The company's cash position is the most misunderstood part of the business, Neumann said. "Folks [are] thinking we are losing money, and what we're showing is that we're increasing our profitability," he said. The transition from a business model that relied primarily on licensed content to a business model that relied on original productions required large up-front investments to begin executing on production goals many years ahead of release on the platform. The company's membership growth and financial position are now catching up with those investments, as illustrated by a leveling out in cash flow losses, executives explained.

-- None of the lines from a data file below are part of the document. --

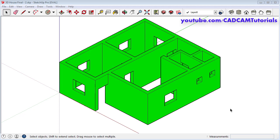In the previous tutorial we learned how to create walls, window openings and door openings. Now in this tutorial we will learn to create windows and doors, and we will apply some colors also.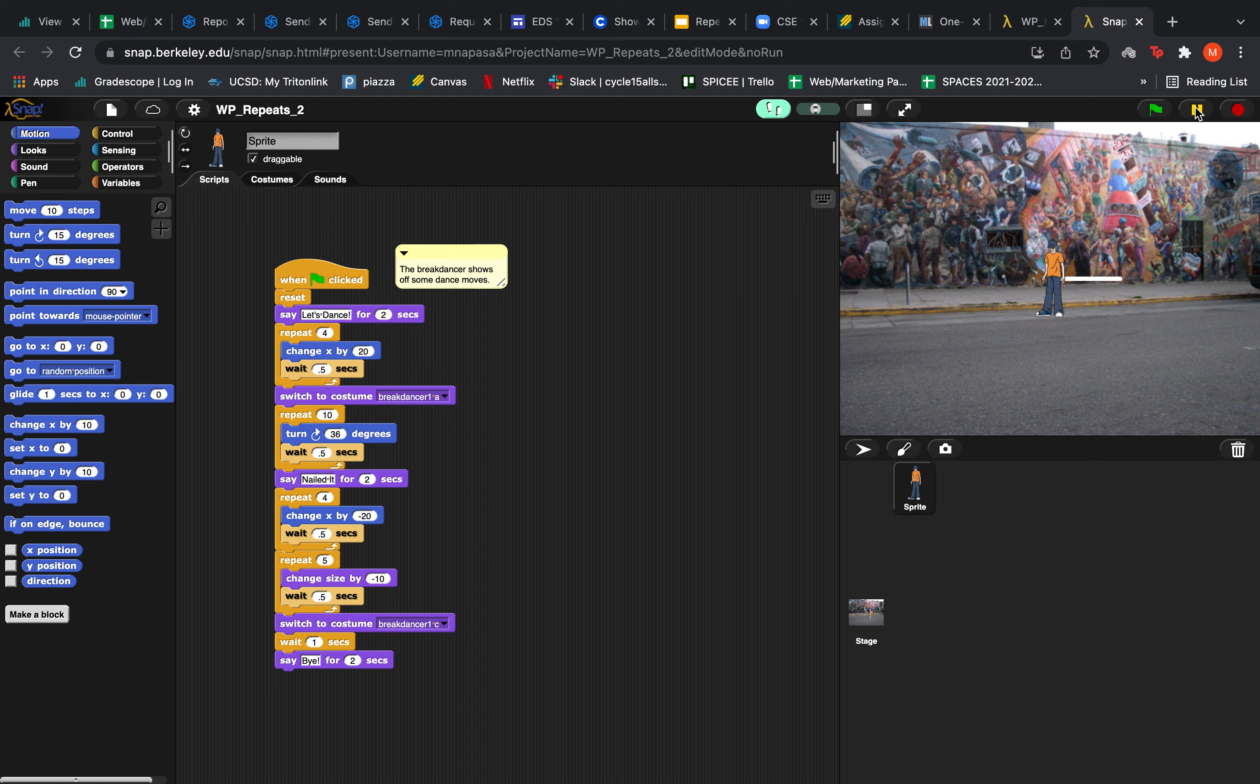If I were to change this repeat, let's say this one over here, and make it let's say 20, let's see what happens then.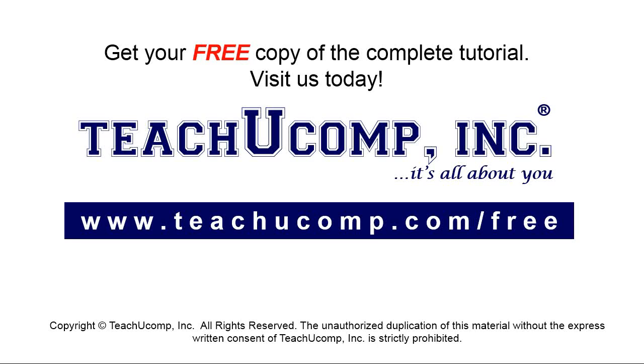Get your free copy of the complete tutorial at www.teachyoucomp.com/free.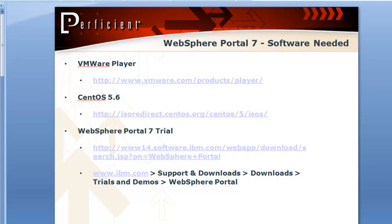Hi, my name is Sean Newby, I'm a senior technical architect with Proficient, and in the video today I'm going to show you how to install the trial version of WebSphere Portal 7 on a VMware image using CentOS Linux for the operating system.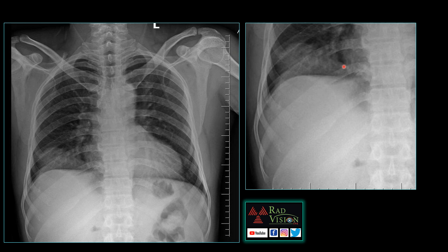I will zoom the image for you. This is the homogeneous opacity noted in the right lower zone and here you can see there is an eccentric faint rim of calcification. So there is a lesion underlying in the liver which is related to this homogeneous opacity. We will try to see what is this homogeneous opacity and what is the lesion in the liver. We will go for a CT for this patient.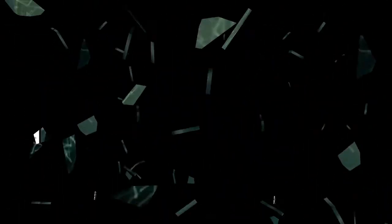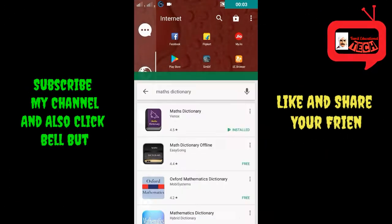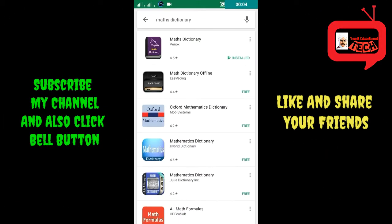Let's go to Google Play Store. We can type in Mathematics and Dictionary to search for the app.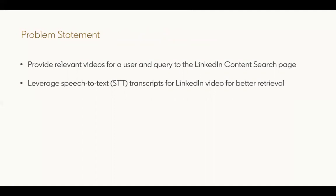The way we promote relevant videos leverages the rich video transcripts we have for these videos. As discussed in the theory section, different speech-to-text transcription methods generate textual transcripts. This is now an information retrieval task where we index these transcripts for better retrieval on the search page.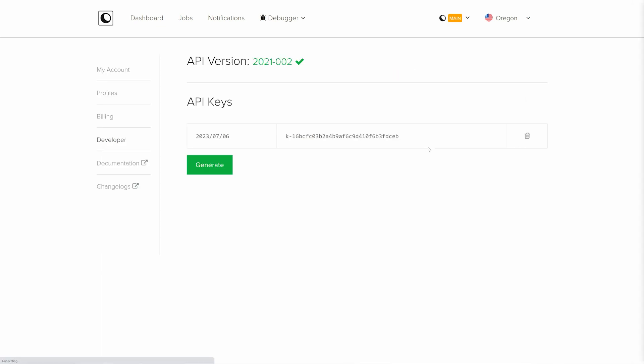You will be brought immediately to your API keys. You can generate a new API key here or just copy an existing one.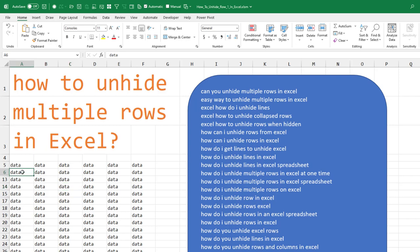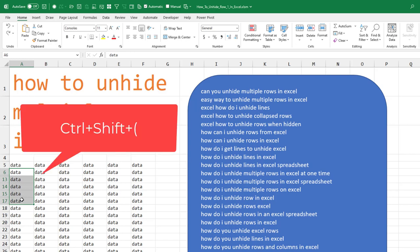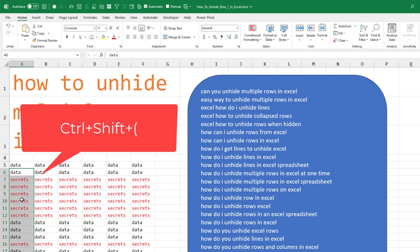So if you want to unhide all the rows from 6 to 17, select cell A6 through A17 and then Ctrl-Shift-Open Parentheses to unhide those.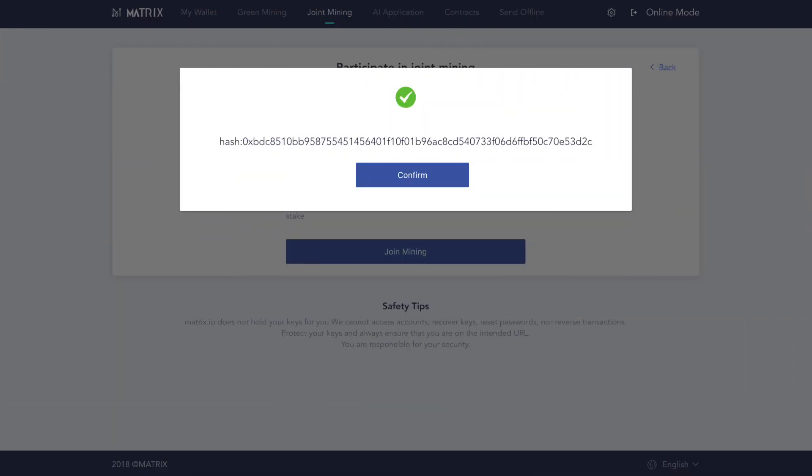After staking, you can copy the hash to track the transaction in the Matrix blockchain browser. Joining a verification masternode pool is as simple as that.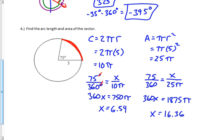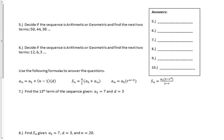Number five says decide if the sequence is arithmetic or geometric, then find the next two terms. I look at what's happening each time — am I adding the same thing or multiplying by the same thing? For this one, the pattern is subtracting 6 each time, which is the same as adding –6. That means it's arithmetic. Continuing the pattern: 32, then 26. Those are the next two terms.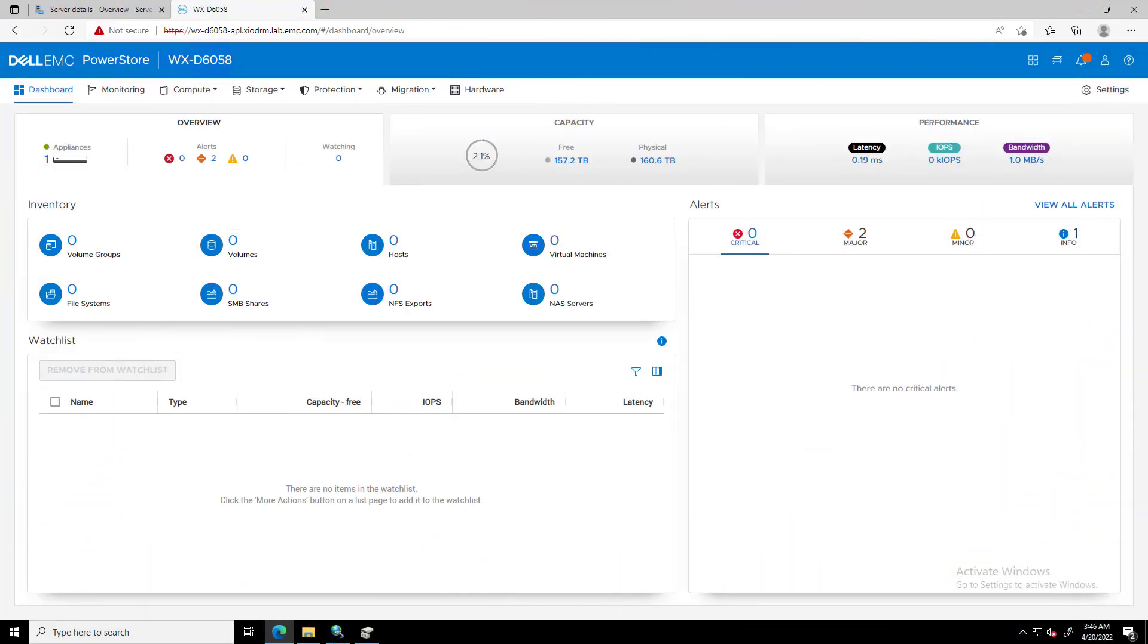For the purpose of this demo, I'm going to connect my PowerStore cluster to a Windows server via iSCSI protocol.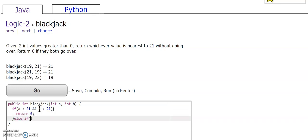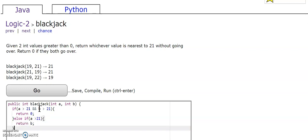And if a goes over 21, then we're going to return b. If b goes over 21, we're going to return a.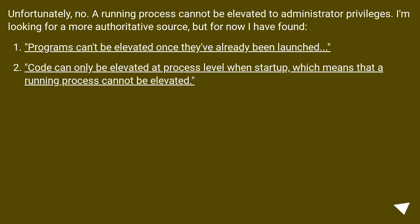Unfortunately, no. A running process cannot be elevated to administrator privileges.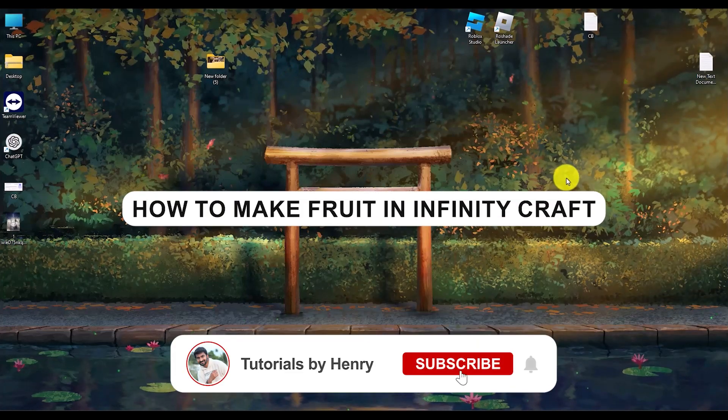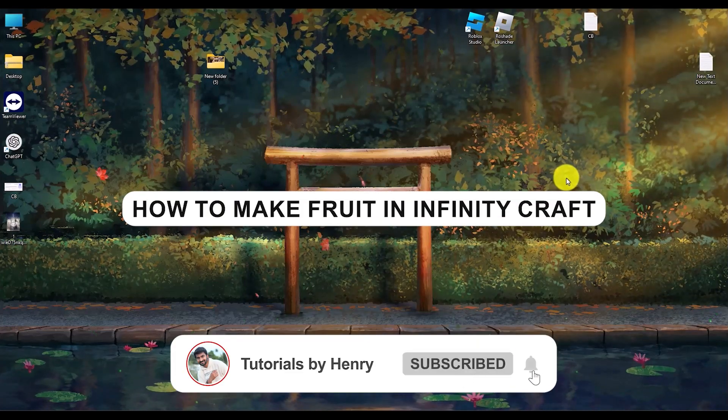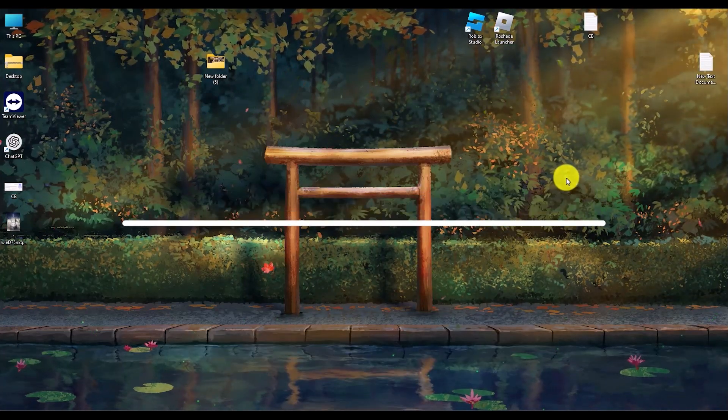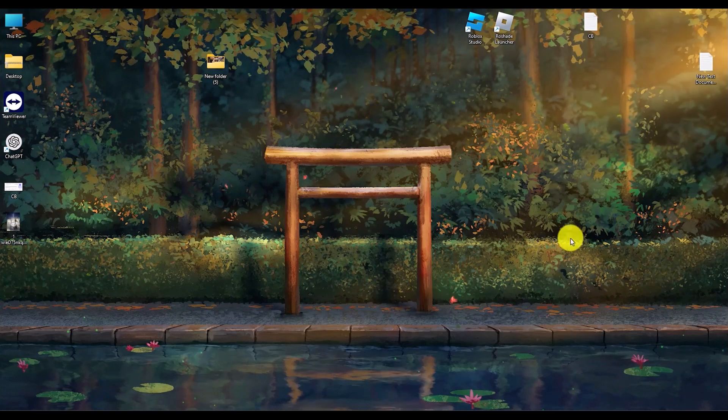Hello, in this video I will show you how to make a fruit in Infinity Craft. Now it's a very easy thing.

In the fourth quarter, Netflix reported global paid membership growth of 20.0% to 167.09 million members, up by 8.76 million members, well outpacing its forecast for 7.6 million paid net additions.

On financials, the company reported quarterly net income of $587.0 million, or $1.30 per share, compared to $133.9 million, or 30 cents per share, in the prior-year quarter. For the full year, net income came to $1.87 billion, or $4.13 per share, compared to $1.21 billion, or $2.68 per share, reported in full year 2018.

The S&P Global Market Intelligence consensus EPS estimate for the fourth quarter and full year were 53 cents and $3.36 per share, respectively.

Netflix's quarterly revenue jumped 31% year over year to $5.47 billion, up from $4.19 billion a year ago. Full-year revenue climbed to $20.16 billion from $15.79 billion in 2018.

The company said it expects first-quarter 2020 net income of $750 million, or $1.66 per share. First-quarter global paid net additions are expected to be 7.0 million, compared to 9.6 million in the first quarter of 2019, which was an all-time high in quarterly paid net addition, the company said.